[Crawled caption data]
■ ■ ■ ■ ■ ■ ■

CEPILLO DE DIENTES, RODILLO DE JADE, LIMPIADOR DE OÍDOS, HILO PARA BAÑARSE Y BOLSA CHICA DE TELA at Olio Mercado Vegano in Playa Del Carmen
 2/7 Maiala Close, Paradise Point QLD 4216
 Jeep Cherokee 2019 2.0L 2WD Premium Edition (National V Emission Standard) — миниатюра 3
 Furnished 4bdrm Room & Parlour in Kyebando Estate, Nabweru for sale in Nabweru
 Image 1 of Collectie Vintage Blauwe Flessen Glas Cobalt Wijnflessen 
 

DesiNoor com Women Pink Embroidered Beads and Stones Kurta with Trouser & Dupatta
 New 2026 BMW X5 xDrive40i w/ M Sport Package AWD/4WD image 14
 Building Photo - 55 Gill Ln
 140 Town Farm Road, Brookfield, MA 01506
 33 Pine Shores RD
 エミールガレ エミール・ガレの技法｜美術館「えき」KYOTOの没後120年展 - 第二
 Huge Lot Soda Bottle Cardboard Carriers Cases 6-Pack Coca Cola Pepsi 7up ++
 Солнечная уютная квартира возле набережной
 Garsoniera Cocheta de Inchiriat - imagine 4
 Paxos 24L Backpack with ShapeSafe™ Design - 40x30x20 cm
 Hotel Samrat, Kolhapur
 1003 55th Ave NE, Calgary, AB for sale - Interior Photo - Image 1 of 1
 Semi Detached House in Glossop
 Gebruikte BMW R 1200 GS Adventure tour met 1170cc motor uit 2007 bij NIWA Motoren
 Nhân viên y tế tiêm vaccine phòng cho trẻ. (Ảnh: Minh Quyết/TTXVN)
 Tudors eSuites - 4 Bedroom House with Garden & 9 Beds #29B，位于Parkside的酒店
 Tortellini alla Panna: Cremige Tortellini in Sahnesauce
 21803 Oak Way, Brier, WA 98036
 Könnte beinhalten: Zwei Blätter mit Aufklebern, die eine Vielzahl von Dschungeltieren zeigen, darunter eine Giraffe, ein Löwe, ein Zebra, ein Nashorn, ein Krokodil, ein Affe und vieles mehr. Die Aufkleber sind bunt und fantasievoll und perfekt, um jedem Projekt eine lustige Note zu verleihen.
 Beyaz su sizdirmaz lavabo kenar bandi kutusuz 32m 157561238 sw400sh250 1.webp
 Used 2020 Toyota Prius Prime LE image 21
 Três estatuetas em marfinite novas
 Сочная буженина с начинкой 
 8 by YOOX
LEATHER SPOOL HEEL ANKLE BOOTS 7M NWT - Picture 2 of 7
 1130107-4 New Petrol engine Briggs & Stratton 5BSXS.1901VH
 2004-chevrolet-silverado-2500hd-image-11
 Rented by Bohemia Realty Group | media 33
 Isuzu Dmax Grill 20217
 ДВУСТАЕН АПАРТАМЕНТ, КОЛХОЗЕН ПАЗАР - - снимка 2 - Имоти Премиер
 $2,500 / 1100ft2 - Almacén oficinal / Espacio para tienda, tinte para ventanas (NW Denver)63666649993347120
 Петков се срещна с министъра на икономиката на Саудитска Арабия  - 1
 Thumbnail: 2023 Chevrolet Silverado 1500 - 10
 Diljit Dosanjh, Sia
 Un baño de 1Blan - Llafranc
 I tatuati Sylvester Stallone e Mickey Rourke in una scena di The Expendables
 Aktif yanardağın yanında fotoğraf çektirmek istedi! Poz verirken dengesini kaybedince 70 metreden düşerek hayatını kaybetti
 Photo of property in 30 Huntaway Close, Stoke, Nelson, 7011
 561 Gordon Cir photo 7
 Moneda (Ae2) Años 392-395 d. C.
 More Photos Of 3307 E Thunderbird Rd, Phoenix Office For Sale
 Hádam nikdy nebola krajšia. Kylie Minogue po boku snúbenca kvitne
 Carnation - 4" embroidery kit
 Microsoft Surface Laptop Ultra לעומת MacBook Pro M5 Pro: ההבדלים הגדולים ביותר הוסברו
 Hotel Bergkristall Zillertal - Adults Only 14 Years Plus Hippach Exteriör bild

■ ■ ■ ■ ■ ■ ■

# Task to carry out
Please give the data again in full, exactly as written.

# Solution to the problem
CEPILLO DE DIENTES, RODILLO DE JADE, LIMPIADOR DE OÍDOS, HILO PARA BAÑARSE Y BOLSA CHICA DE TELA at Olio Mercado Vegano in Playa Del Carmen
 2/7 Maiala Close, Paradise Point QLD 4216
 Jeep Cherokee 2019 2.0L 2WD Premium Edition (National V Emission Standard) — миниатюра 3
 Furnished 4bdrm Room & Parlour in Kyebando Estate, Nabweru for sale in Nabweru
 Image 1 of Collectie Vintage Blauwe Flessen Glas Cobalt Wijnflessen 
 

DesiNoor com Women Pink Embroidered Beads and Stones Kurta with Trouser & Dupatta
 New 2026 BMW X5 xDrive40i w/ M Sport Package AWD/4WD image 14
 Building Photo - 55 Gill Ln
 140 Town Farm Road, Brookfield, MA 01506
 33 Pine Shores RD
 エミールガレ エミール・ガレの技法｜美術館「えき」KYOTOの没後120年展 - 第二
 Huge Lot Soda Bottle Cardboard Carriers Cases 6-Pack Coca Cola Pepsi 7up ++
 Солнечная уютная квартира возле набережной
 Garsoniera Cocheta de Inchiriat - imagine 4
 Paxos 24L Backpack with ShapeSafe™ Design - 40x30x20 cm
 Hotel Samrat, Kolhapur
 1003 55th Ave NE, Calgary, AB for sale - Interior Photo - Image 1 of 1
 Semi Detached House in Glossop
 Gebruikte BMW R 1200 GS Adventure tour met 1170cc motor uit 2007 bij NIWA Motoren
 Nhân viên y tế tiêm vaccine phòng cho trẻ. (Ảnh: Minh Quyết/TTXVN)
 Tudors eSuites - 4 Bedroom House with Garden & 9 Beds #29B，位于Parkside的酒店
 Tortellini alla Panna: Cremige Tortellini in Sahnesauce
 21803 Oak Way, Brier, WA 98036
 Könnte beinhalten: Zwei Blätter mit Aufklebern, die eine Vielzahl von Dschungeltieren zeigen, darunter eine Giraffe, ein Löwe, ein Zebra, ein Nashorn, ein Krokodil, ein Affe und vieles mehr. Die Aufkleber sind bunt und fantasievoll und perfekt, um jedem Projekt eine lustige Note zu verleihen.
 Beyaz su sizdirmaz lavabo kenar bandi kutusuz 32m 157561238 sw400sh250 1.webp
 Used 2020 Toyota Prius Prime LE image 21
 Três estatuetas em marfinite novas
 Сочная буженина с начинкой 
 8 by YOOX
LEATHER SPOOL HEEL ANKLE BOOTS 7M NWT - Picture 2 of 7
 1130107-4 New Petrol engine Briggs & Stratton 5BSXS.1901VH
 2004-chevrolet-silverado-2500hd-image-11
 Rented by Bohemia Realty Group | media 33
 Isuzu Dmax Grill 20217
 ДВУСТАЕН АПАРТАМЕНТ, КОЛХОЗЕН ПАЗАР - - снимка 2 - Имоти Премиер
 $2,500 / 1100ft2 - Almacén oficinal / Espacio para tienda, tinte para ventanas (NW Denver)63666649993347120
 Петков се срещна с министъра на икономиката на Саудитска Арабия  - 1
 Thumbnail: 2023 Chevrolet Silverado 1500 - 10
 Diljit Dosanjh, Sia
 Un baño de 1Blan - Llafranc
 I tatuati Sylvester Stallone e Mickey Rourke in una scena di The Expendables
 Aktif yanardağın yanında fotoğraf çektirmek istedi! Poz verirken dengesini kaybedince 70 metreden düşerek hayatını kaybetti
 Photo of property in 30 Huntaway Close, Stoke, Nelson, 7011
 561 Gordon Cir photo 7
 Moneda (Ae2) Años 392-395 d. C.
 More Photos Of 3307 E Thunderbird Rd, Phoenix Office For Sale
 Hádam nikdy nebola krajšia. Kylie Minogue po boku snúbenca kvitne
 Carnation - 4" embroidery kit
 Microsoft Surface Laptop Ultra לעומת MacBook Pro M5 Pro: ההבדלים הגדולים ביותר הוסברו
 Hotel Bergkristall Zillertal - Adults Only 14 Years Plus Hippach Exteriör bild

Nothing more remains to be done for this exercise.